At Nakatsugawa Bridge the butterfly web is held in position by a steel frame until it is fixed in position
At Nakatsugawa Bridge the butterfly web is kept in a tent on site awaiting assembly
The three sections consist of one large rhomboid section and two smaller triangular sections that, when combined, form the characteristic butterfly shape. The large concrete sections contain prestressing steel strands 15.2mm in diameter and these are in alignment with the tension acting on the panels. The three sections are joined using mortar, grout and post-tensioning with 15.2mm-diameter steel strands. Each web takes seven days to assemble, after which it is quickly installed due to lack of storage space on site. During the visit it was observed that some sections of the concrete panels had different shading to others, but this was attributed to the fair faced form-finishing process which was applied only to sections that were to be visible.
At Nakatsugawa Bridge the extradosed cable stays are anchored by a studded steel oval plate
During installation, the webs are lifted by tower crane onto a large 260t-heavy form traveller. Here, a slanted steel frame supports the web at the required angle until it can be permanently fixed to the lower and upper girder sections.
The cable towers are made of a combination of pre-cast (50MPa) and poured concrete (40MPa) sections using Sumitomo-Mitsui Precast Form for Earthquake Resistance and Rapid Construction (SPER), a method that aims to create high seismic resistance while speeding up construction. Here, precast panels with embedded hoop reinforcements are first installed, followed by steel reinforcement, after which concrete is poured to create a composite action.
Concrete is poured to create a composite action at Nakatsugawa Bridge
For the tower anchorages of the 125mm-diameter extradosed cable stays, an innovate separate structure was designed. It consists of a 40mm-thick studded steel oval plate that, after placement inside the precast concrete forms, is then embedded with cast-in-situ concrete. In this way, the tension of the stay cables is borne by the oval steel plate while compressive force is borne by concrete. The horizontal component force due to the anchoring of the stay cable is transmitted to the oval steel plate via the bearing pressure of the concrete, while the stud dowels resist it. According to Kasuga, this anchorage design requires much lower amounts of reinforcement and PC steel than a conventional concrete anchorage, thereby reducing overall weight, while still allowing access to the anchorage ends for inspections. The nature of the new anchorage was the subject of some praise by fib members, especially as it was expected to reduce costs considerably.

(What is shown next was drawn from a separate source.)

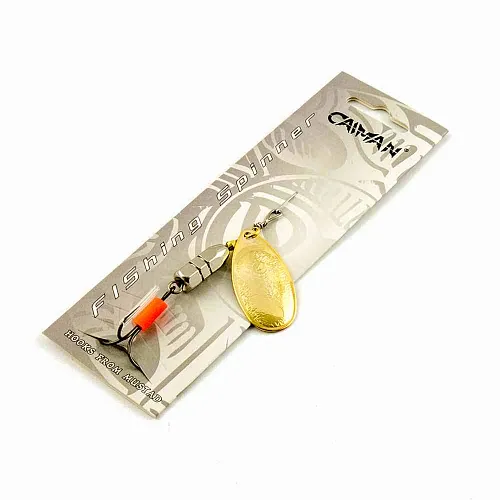 Блесна вращающаяся Caiman Round light 10гр #4 цвет CA03 (5шт в упак.)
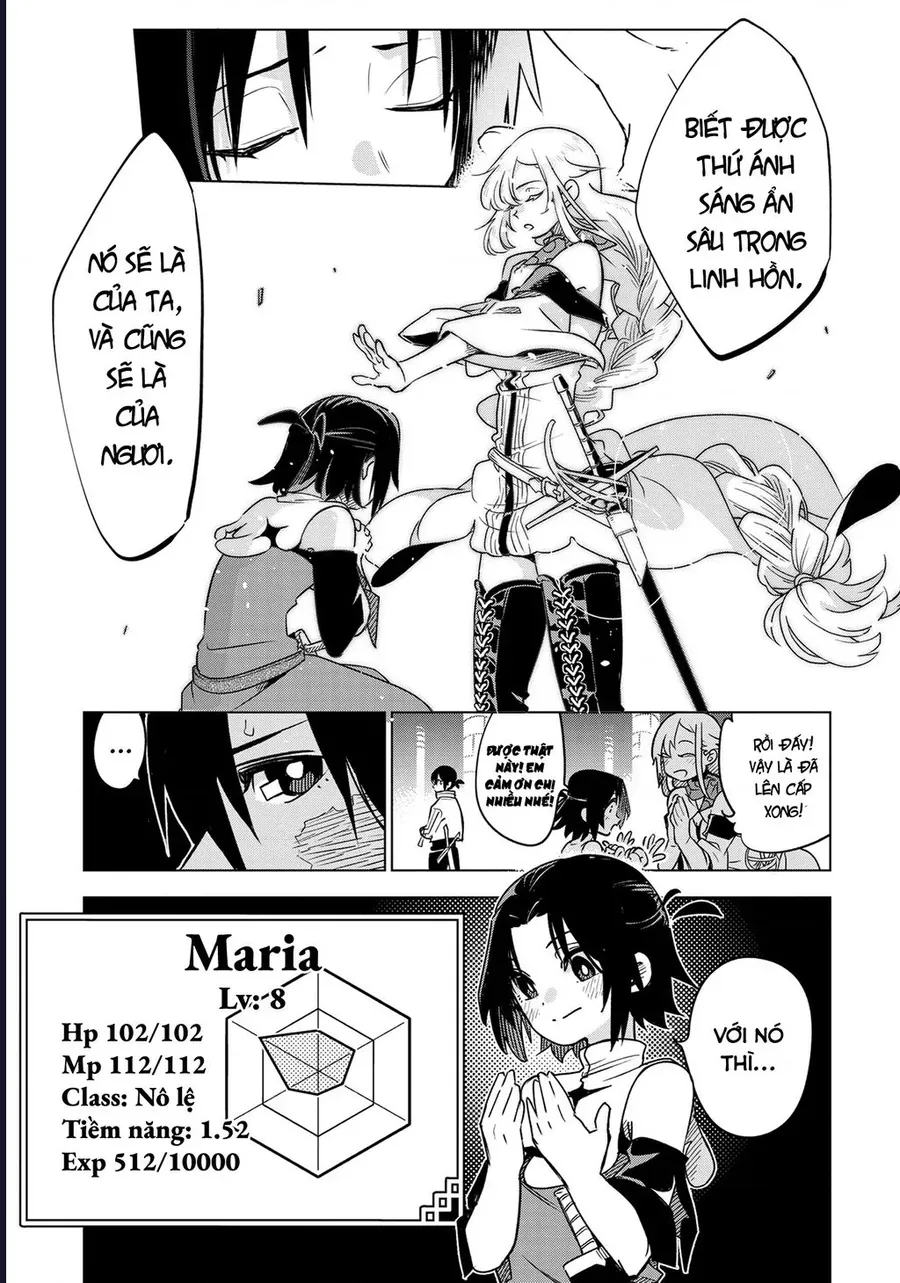 Isekai Meikyuu No Saishinbu O Mezasou Chapter 29 - 30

New tower anchorages for the extradosed cable stays at Nakatsugawa Bridge
As fib members walked around the cleanest and tidiest construction site that anyone had ever seen (“That concrete truck is cleaner than my car!”), Kasuga commented on how much the bridge had changed since its preliminary design, carried out by another company and featuring a standard box girder. “But after the contract was awarded to us, we identified the fault zone in the middle of the river. In the original design the pier was in the middle of the river, on the fault. So we redesigned and finally the structure was so unbalanced that we decided to use a lighter structure, and we recommended the butterfly web. The fault is at a skew, which is why it’s a bit asymmetrical.”
After observing the set-up of a form traveller about to begin the first section of the deck, the group headed around 10km westwards (as the crow flies) to the site of another structure that will form part of Shin-Tomei Expressway, this time taking the form of an arch bridge.
Kouchigawa Bridge spans Kouchi River east to west and consists of two parallel composite bridges with a central arch span of 220m. The north branch is 771m-long with eight-spans and the south one 692m long with seven spans. Pier height ranges between 75m and 88m. Both have lateral semi arches off the central span, these being steel and concrete while the remaining spans are PC box girders.
The site of Kouchigawa Bridge that will form part of Shin-Tomei Expressway, taking the form of an arch bridge
Whilst design had taken centre stage at the previous site, here the main challenge in focus was, without doubt, access. And during the briefing, the full extent of the types of access works that this part of the world can demand was revealed in full technicolour. Case in point was the construction of the piers for P2, one of the central arch pylons. In order to access its location and transport equipment and materials there from the access road, a 100m-long rail with a rail gauge of 15m had to be constructed at an angle of 41° to the mountain, necessary to carry a platform with a maximum load capacity of 90t. No less complex were the temporary works necessary to construct the two piers of central arch pylon P3. These required 230m of 7m-wide temporary access tunnels to be built into the mountain, in addition to a temporary tunnel yard and a massive elevated temporary deck.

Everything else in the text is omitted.